*** Begin section ***

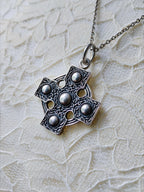 Sterling Silver CELTIC CROSS Pendant Necklace  22" Chain 14.9g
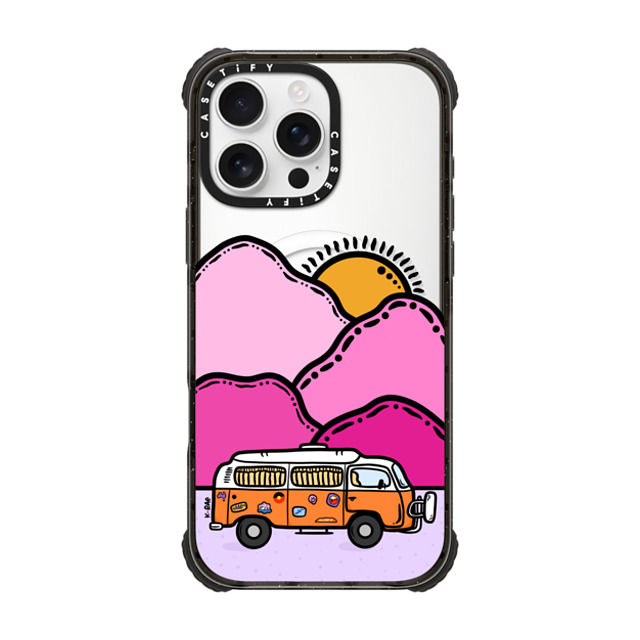 Kimberly Engwicht x CASETiFY iPhone 16 Pro Max Case Black ウルトラ インパクトケース MagSafe 対応 Happy Camper Back to School Kimberly Engwicht x CASETiFY iPhone 16 Pro Max Case Black ウルトラ インパクトケース MagSafe 対応 Happy Camper Back to School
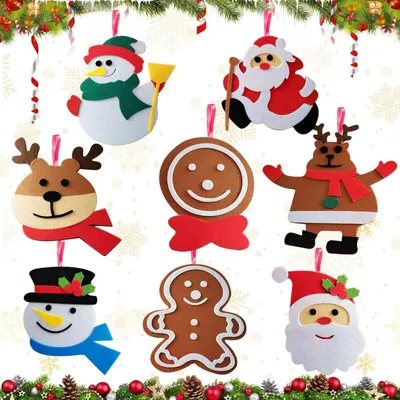 Image de Kit de bricolage de Noël, feutrine, 8 pièces : Père Noël, bonhomme de neige, sapin de Noël, décorations, DIY, pour enfants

*** End section ***

**Task requirements**
Please return exactly the lines from the one containing "to School Kimberly" through the end of the material above, both ends included, but not the pictures.

**Reply**
 Kimberly Engwicht x CASETiFY iPhone 16 Pro Max Case Black ウルトラ インパクトケース MagSafe 対応 Happy Camper Back to School Kimberly Engwicht x CASETiFY iPhone 16 Pro Max Case Black ウルトラ インパクトケース MagSafe 対応 Happy Camper Back to School
 Image de Kit de bricolage de Noël, feutrine, 8 pièces : Père Noël, bonhomme de neige, sapin de Noël, décorations, DIY, pour enfants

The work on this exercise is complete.